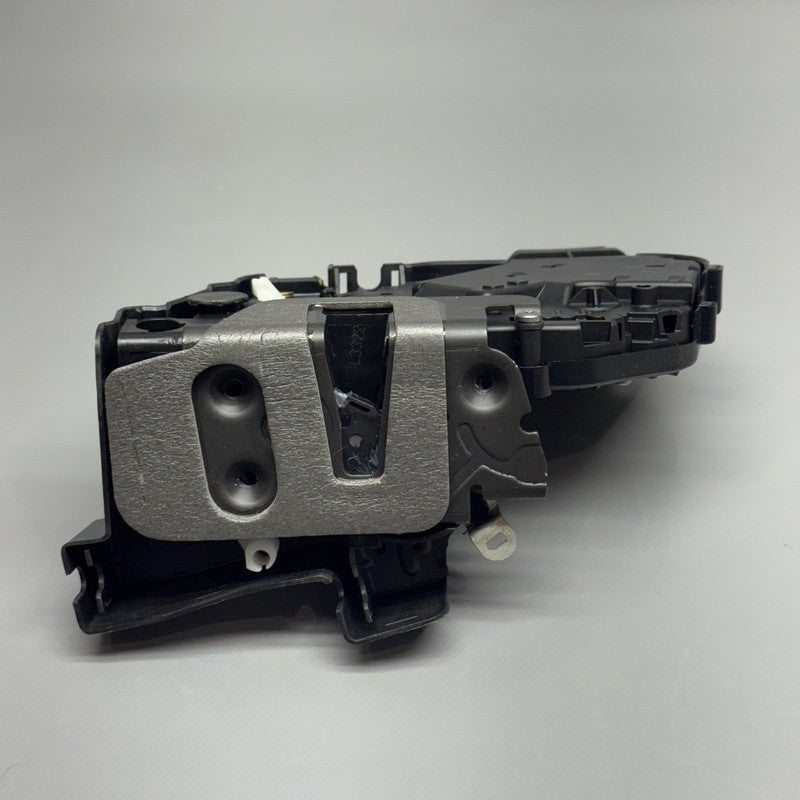 RANGE ROVER SPORT LOCK LATCH 2006 2007 2008 OEM 4H2A-21813-BK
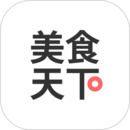 ʳapp
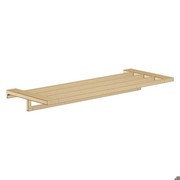 Hansgrohe AddStoris Handtuchablage (41751140)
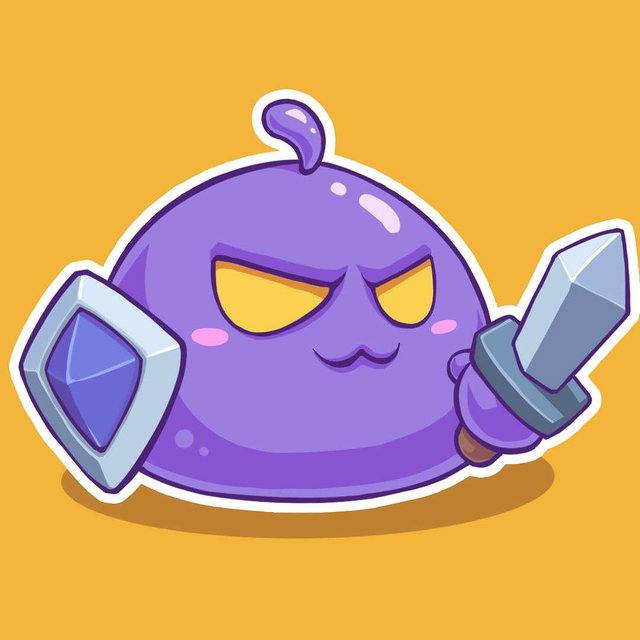 26年3月 无修图包（13p）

-- What you should do --
Nothing but the pictures should be left out when the material above is copied.

-- Result below --
 RANGE ROVER SPORT LOCK LATCH 2006 2007 2008 OEM 4H2A-21813-BK
 ʳapp
 Hansgrohe AddStoris Handtuchablage (41751140)
 26年3月 无修图包（13p）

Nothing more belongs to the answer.